— Par Roland Sabra —
Synopsis : Victoria, fillette noire de milieu modeste, n’a jamais oublié la nuit passée dans une famille bourgeoise, à Paris, chez le petit Thomas. Des années plus tard, elle croise de nouveau celui-ci. De leur brève aventure naît Marie. Mais Victoria attend sept ans avant de révéler l’existence de l’enfant à Thomas et à sa famille, issue de la bonne bourgeoisie, généreuse et ouverte. Sous le charme de la petite fille, ils lui proposent alors de l’accueillir régulièrement. Peu à peu, Victoria se sent dépossédée de sa fille…
Pour son neuvième long métrage Jean-Paul Civeyrac adapte à l’écran une nouvelle de Doris Lessing « Victoria et les Staveney ». Le film en transposant la situation de Londres à Paris dresse avec une grande finesse, une belle distance et beaucoup de sensibilité le portrait de deux univers à travers deux générations. D’un coté une bourgeoisie blanche, ouverte, de « gôche » si tant est que le mot est encore un sens, possédant les codes culturels dominants et capables d’en jouer, très « bobo » en un mot, de l’autre un monde en marge qui regarde passer les trains de l’histoire sans jamais oser y monter si ce n’est comme soutier et qui se sent dépossédé non seulement des richesses matérielles mais plus encore des us et des coutumes incorporés par les possédants et que ceux-ci manient de façon presque « naturelle »⋅ Habitus dirait Pierre Bourdieu. Victoria, découvre ce fossé partagée entre le désir d’offrir le « meilleur », sa fille et celui de ne pas la séparer de son demi-frère. Elle a une sœur adoptive, Fanny, brillante lettrée, qui travaille dans un maison d’édition parisienne, incarnation à l’écran de la narratrice et de l’écrivaine qui écrivant le roman de cette vie se charge de mettre à jour la blessure intérieure de Victoria. Celle-ci, en effet, presque mutique semble subir les évènements plus qu’elle ne les met en jeu. Elle ne s’autorise pas ce qu’elle souhaite pour sa fille. Presque timide, très intériorisée son existence flottante offre une grande plasticité aux milieux qu’elle côtoie. La fille qu’elle a avec Thomas elle la nomme Marie, et le garçon qu’elle aura plus tard avec un musicien noir elle lui donnera comme prénom Charly. Les deux naissances ont lieu sur un fond de déficit paternel. Très évident pour Marie qui ne découvrira son géniteur que sept ans après sa naissance, plus diffus pour Charly, qui ne verra son père qu’entre deux concerts avant que celui-ci ne disparaisse définitivement. Quand le père de Marie tentera de renouer avec elle, Victoria le laissera à la porte de sa chambre. Pour ne pas imposer un beau-père à Charly elle privera Marie de la présence d’un père dans la maison.

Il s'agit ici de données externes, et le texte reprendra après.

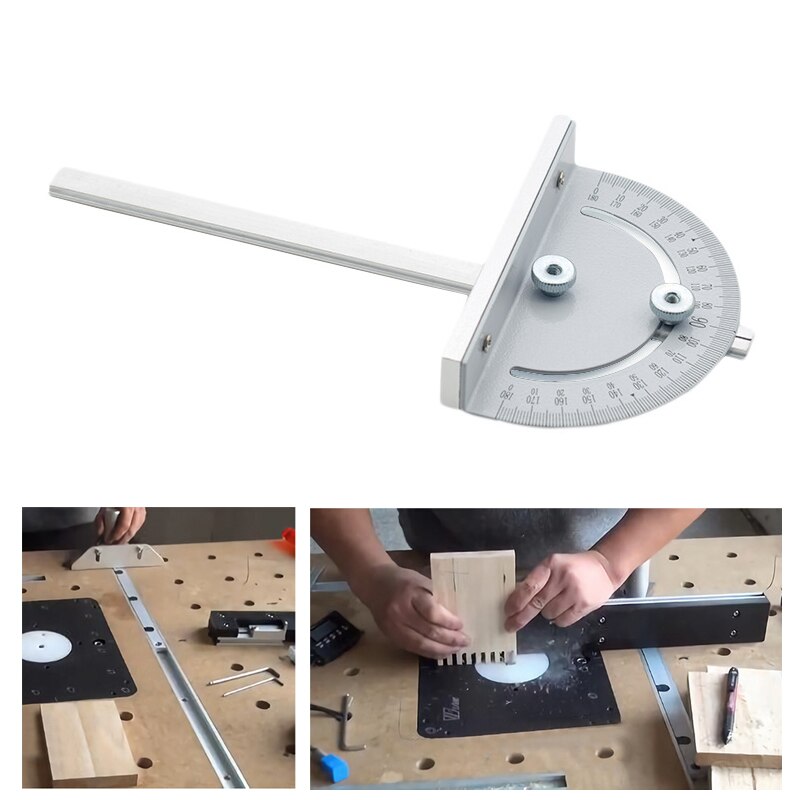 Mini Table Saw Circular Saw Table DIY Woodworking Machines T Style Groove Angle Ruler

Le film ne fait l’impasse sur aucun des problèmes liés à ces acculturations différentielles. Marie petite métisse choyée, gâtée par la famille paternelle suscite chez son frère, Charly noir de peau, envie et jalousie. Les grands-parents, impeccablement joués par Catherine Mouchet et Pascal Grégory, ont conscience de l’inégalité de traitement, mais se contentent de la dire. Fanny posera crûment la question : » Si Marie avait été noire l’empressement des grands-parent aurait-il été identique? » quand bien même le tropisme noir de Thomas semblerait avéré!
Alors faut-il introduire le concept discuté d’ « ethno-classe » pour comprendre les dilemmes douloureux auxquels Victoria est confrontée ? Doris Lessing, marxiste, anticolonialiste et militante anti-apartheid ne l’a pas fait et ne l’aurait sans doute pas fait. Les classes sont premières et la couleur est secondaire que ce soit à Londres en 2003 quand Lessing écrit le livre ou Paris en 2013 quand le film est réalisé. C’est plutôt du côté de «La Distinction. Critique sociale du jugement » que se trouvent une grande partie des clefs du film. La caméra de Jean-Paul Civeyrac met joliment en images ces oppositions. La famille bourgeoise est souvent filmée de pied en cap en plan moyen comme pour souligner qu’ils ont bien les pieds sur une terre qu’ils habitent depuis des générations, Victoria et les siens sont filmés dans une hésitation entre plans italiens, des genoux à la tête, plans demi-rapprochés, comme sur l’affiche, ou gros plans. Le morcellement de l’image des corps comme reflet d’une identité morcelée. Si l’on ajoute une superbe bande sonore on comprendra que ce film revienne en mémoire du spectateur des jours et jours après la projection.
Paris le 05/01/2015
R.S.
Dialogue entre Jean-Paul Civeyrac et Jean Douchet
Comment vous est venue l’idée de ce film ?
C’est Philippe Martin, le producteur, qui m’a suggéré de lire Victoria et les Staveney de Doris Lessing. J’ai trouvé le sujet très fort, et le récit étonnant dans sa façon virtuose — mais sans en avoir l’air — de faire miroiter beaucoup d’idées, d’actions, de contradictions au sein de situations pourtant simples. Ce qui m’a plu aussi, c’était de contredire mon film précédent, entièrement concentré sur deux jeunes filles plongées dans une atmosphère violente et funèbre. Mon amie Victoria, lui, pouvait être plus doux, plus délicat, avec un charme romanesque, et son sujet permettait de déployer une vue plus large sur la société, de créer des personnages de différentes classes sociales, etc.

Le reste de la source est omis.